Bilincin ne olduğu ve ne olmadığı hakkında bu temel değerlendirmeleri yaptıktan sonra, William James düşünce akışlarımızın bizi yönlendirdiği somut mekanizmalar önermeye başlayabilir. yönetmek. Bu katkılardan biri, kendisi tarafından geliştirilen ve James-Lange Teorisidir. Carl Lange neredeyse aynı anda, buna göre duygular kişinin kendi fizyolojik durumlarının bilincinden ortaya çıkarlar.
Örneğin, Mutlu olduğumuz için gülmüyoruz ama mutluyuz çünkü bilincimiz güldüğümüz konusunda bilgilendirildi.. Aynı şekilde, bir şey bizi korkuttuğu için kaçmayız, kaçtığımızı gördüğümüz için korkarız.
Bu, sinir sistemimizin ve düşüncelerimizin işleyişine ilişkin geleneksel anlayışa ters düşen bir teoridir ve 19. yüzyılın sonunda da aynısı olmuştur. Ancak bugün, William James ve Carl Lange'nin büyük olasılıkla yalnızca kısmen haklı olduklarını biliyoruz.Algı (bizi korkutan bir şeyi görmek) ile eylem (koşmak) arasındaki döngünün çok hızlı olduğunu düşündüğümüzden ve bir yönde ve diğerinde o kadar çok sinirsel etkileşim var ki, tek bir yönde nedensel bir zincirden söz edilemez. duyu.
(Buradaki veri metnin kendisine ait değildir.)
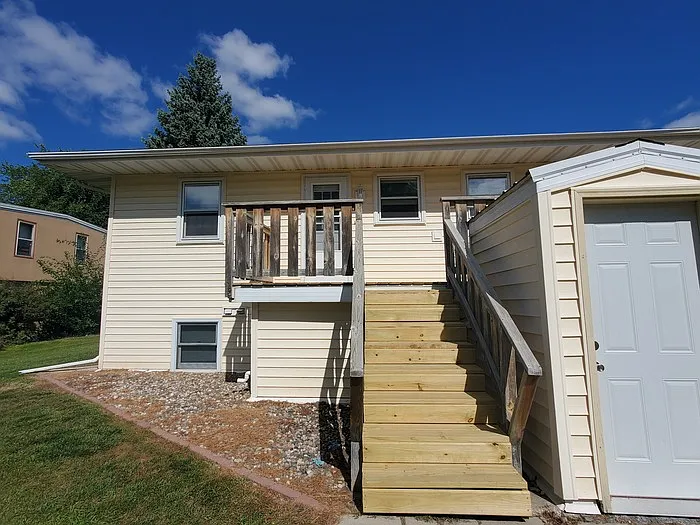 2 bed, 1.0 bath, 750 sqft, $950 — Photo 2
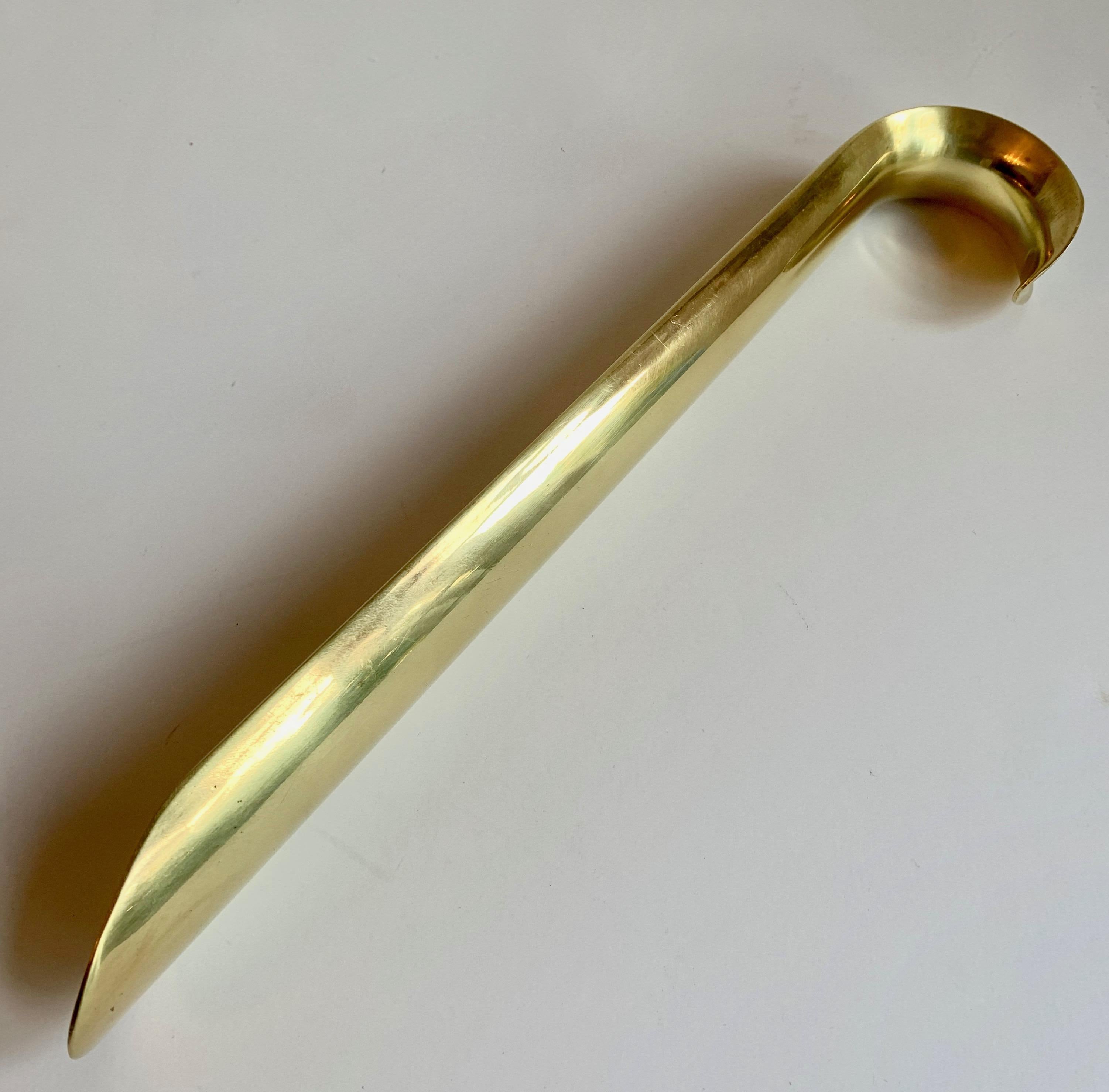 Brass Shoe Horn In Good Condition In Los Angeles, CA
Korktuğumuz için koşuyoruz ve koştuğumuz için de korkuyoruz.
William James'e ne borçluyuz?
William James'in inançları bugün tuhaf görünebilir, ancak gerçek şu ki, fikirleri, bugün hala devam eden ilginç önerilerin inşa edildiği ilkeler olmuştur. akım. kitabında Psikolojinin İlkeleri (Psikolojinin İlkeleri), örneğin işlemi anlamak için yararlı olan birçok fikir ve kavram vardır. nın-nin İnsan beynibazı nöronları diğerlerinden ayıran sinaptik boşlukların varlığının henüz keşfedildiği bir zamanda yazılmış olmasına rağmen.
Ayrıca psikolojiye kazandırdığı pragmatist yaklaşım, birçok psikolojik teori ve terapinin felsefi temelidir. Düşüncelerin ve duygusal durumların bir gerçeklikle bağdaşmalarından daha yararlılığına vurgu yapan amaç.
Belki de Psikoloji ve Psikoloji arasındaki bu birliktelikten dolayı Amerikan pragmatizminin felsefi akımı (bu daha sonra davranışçıyı da tanımlayacaktır) B. F. yüzücü) ve Amerikan topraklarında öncülerden biri olması nedeniyle William James, Amerika Birleşik Devletleri'nde Psikolojinin babası olarak kabul edilir. Birleşik ve ne yazık ki, kıtasında Avrupa'da geliştirilmekte olan Deneysel Psikolojiyi tanıtmaktan sorumlu olan kişi. Wilhelm Wundt.
Nihayetinde, William James başlangıçların kurulmasına yardımcı olmak gibi maliyetli bir görevle yüzleşmek zorunda kalırken Akademik ve pratik bir alan olarak Psikolojinin bu görevinin pek az olduğu söylenemez. minnettar. Araştırdığı şeye gerçek bir ilgi gösterdi ve bu disiplini insan zihni hakkında son derece keskin öneriler sergilemek için kullanabildi. Öyle ki, kendisinden sonra gelenler için onları iyi kabul etmekten ya da çürütmeye çalışmaktan başka çareleri kalmamıştı.